Ему вторил седовласый и очень чистенький старичок-пассажир, этакий блюститель нравственности. Он с укоризной поглядывал на нас с Феклой, а узрев Валентина и Дорика, вперился весьма внимательным взором в наших питомцев. Под его укоризненным взглядом проводник совершенно укрепился в осознании собственной правоты и мертво стол на своем. Я почти плакала, предлагала деньги, уверяла, что животные у нас смирные, все было напрасно. Что ж, видно придется Валентину посидеть немножко в саквояже.

Мы отошли в сторонку, дабы скрыться за широкими юбками торговок, восседавших посередь площади. Краснощекая баба, у которой отбою не было от покупателей заметила нас и, подмигнула, идите, мол, мне за спину. Расправив поневу и гордо приосанившись, точно английская королева на троне, она величественно подавала покупателям снедь. Вокруг, на перевернутых вверх дном деревянных ящиках, покрытых вышитыми рушниками, стояли лотки со всякой всячиной.

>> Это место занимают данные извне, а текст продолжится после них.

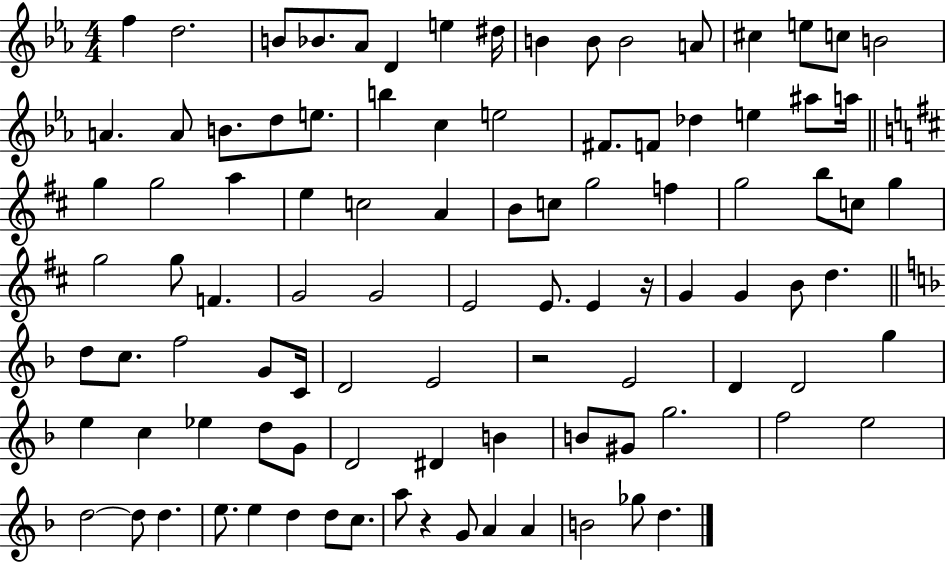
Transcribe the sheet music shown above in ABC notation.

X:1
T:Untitled
M:4/4
L:1/4
K:Eb
f d2 B/2 _B/2 _A/2 D e ^d/4 B B/2 B2 A/2 ^c e/2 c/2 B2 A A/2 B/2 d/2 e/2 b c e2 ^F/2 F/2 _d e ^a/2 a/4 g g2 a e c2 A B/2 c/2 g2 f g2 b/2 c/2 g g2 g/2 F G2 G2 E2 E/2 E z/4 G G B/2 d d/2 c/2 f2 G/2 C/4 D2 E2 z2 E2 D D2 g e c _e d/2 G/2 D2 ^D B B/2 ^G/2 g2 f2 e2 d2 d/2 d e/2 e d d/2 c/2 a/2 z G/2 A A B2 _g/2 d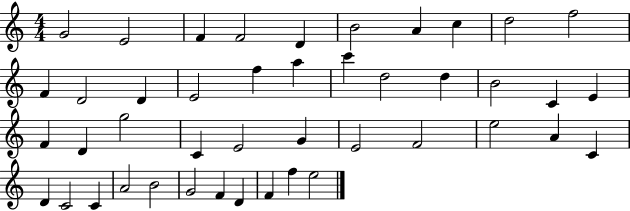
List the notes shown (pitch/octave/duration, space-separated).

G4/h E4/h F4/q F4/h D4/q B4/h A4/q C5/q D5/h F5/h F4/q D4/h D4/q E4/h F5/q A5/q C6/q D5/h D5/q B4/h C4/q E4/q F4/q D4/q G5/h C4/q E4/h G4/q E4/h F4/h E5/h A4/q C4/q D4/q C4/h C4/q A4/h B4/h G4/h F4/q D4/q F4/q F5/q E5/h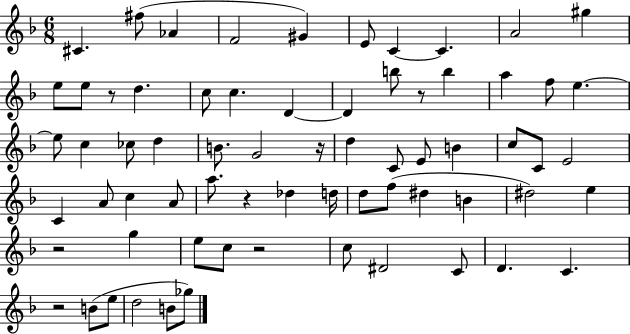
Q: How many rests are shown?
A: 7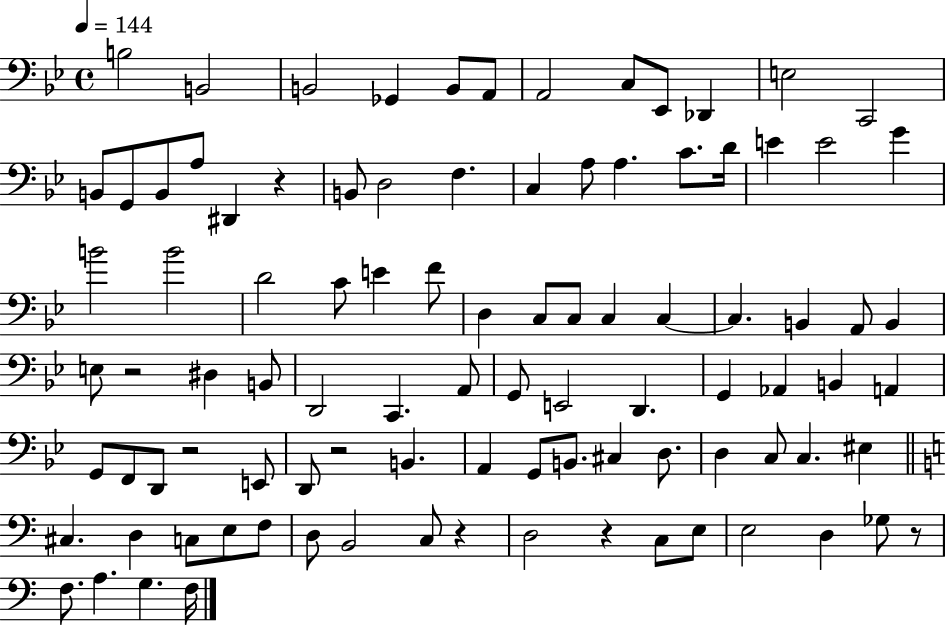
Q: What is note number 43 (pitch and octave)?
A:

Чего там только не было! Горка румяных пирогов, прикрытая полотенцем от назойливых мух, моченые яблоки на жестяной тарелке, пряники, вокруг коих жужжали неотвязные осы, соленые огурцы в пузатом бидоне. Под старым дубленым тулупом укрывалось горячее в глиняных горшочках, которое, судя по тому, как часто торговка ныряла рукой под полу, более всего пользовалось спросом проезжающих.

– Харчи, харчи, – непрестанно твердила она, косясь исподволь на наши маневры и обращаясь теперь непосредственно к нам, – деточки, харчи! Картохи с курой, пирожки с потрошками, берите!

Фекла внимательно посмотрела на торговку, но обратилась ко мне.

– Ангелина Николаевна, наши-то припасы уж все закончились. Не взять ли чего?

Хотя Феклуша говорила негромко, торговка тотчас повернулась к нам и радушно развела руками.

– Берите, деточки, – зареготала она сердобольно, поправляя сползающий плат, – за копейку отдам, хоча и все свежее, нонешнее. Днесь спроворила…

– Нет-нет-нет, – запротестовала я, доставая кошелек с монетами, предназначенными на текущие расходы, и вручая его Феклуше, – заплати как полагается…

Фекла, метнулась к торговке и, важно раскланявшись, принялась расспрашивать про товар. Я тем временем раскрыла саквояж и попробовала усадить в него Валентина. Пес не возражал.

Оказавшись в сумке, он сжался комочком, но вдруг его бархатистые уши задрожали, а ноздри с шумом стали втягивать воздух. Сие возбужденное состояние тотчас подсказало мне причину собачьей покладистости, столь Валентину несвойственной. Еще сегодня утром в саквояже находились удивительные консервы «Собачья Радость», от которых теперь осталось одно лишь воспоминание, возбуждаемое плохо выветрившимся запахом.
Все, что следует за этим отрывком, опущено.